The GDPR doesn't use an expectation-of-privacy standard. Personal data is not just an explicit disclosure of your name and address, it's anything that can be used to identify you. Writing style and the sum total of comments indicating your experiences and the cities and organizations you've been attached to certainly fit that standard.
Well, Mirimir can just request that his posts be deleted.
However, I do see an issue: quotes by other users. That's one of the leaks that took down DPR. He deleted his old posts about Silk Road.
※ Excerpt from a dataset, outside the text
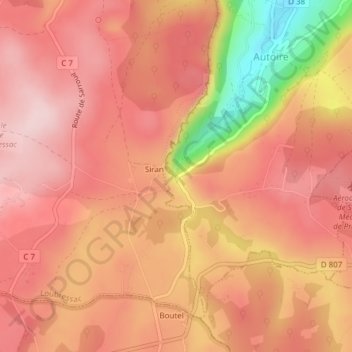 Carte topographique Cascade d'Autoire, altitude, relief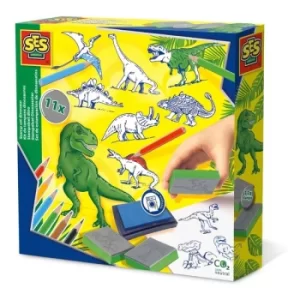 image of SES CREATIVE Stamp Set Dinosaur Kid's Stamp Set, 3 to 12 Years (14919)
But another user had quoted part of a post, which didn't get deleted.
GDPR puts the burden on the company to comply if it processes any in-scope personal data, regardless of whether it's possible for the data subjects themselves to minimize that data.
I'm a lawyer but not your lawyer and I have no idea about specific YC or HN details, so take this with a grain of salt, but I think the best argument for why HN is exempt or at very low risk for enforcement is that it does not hold itself out into the EU market for business and is not otherwise subject to EU law(as far as I know, and I have no special knowledge). Users may be from the EU, but HN has no particular nexus to EU law that I'm aware of.
This is important because Article 2 of GDPR ("Material scope") expressly says "This Regulation does not apply to the processing of personal data ... in the course of an activity which falls outside the scope of Union law"
HN does not require you to disclose personal information, such as who you are.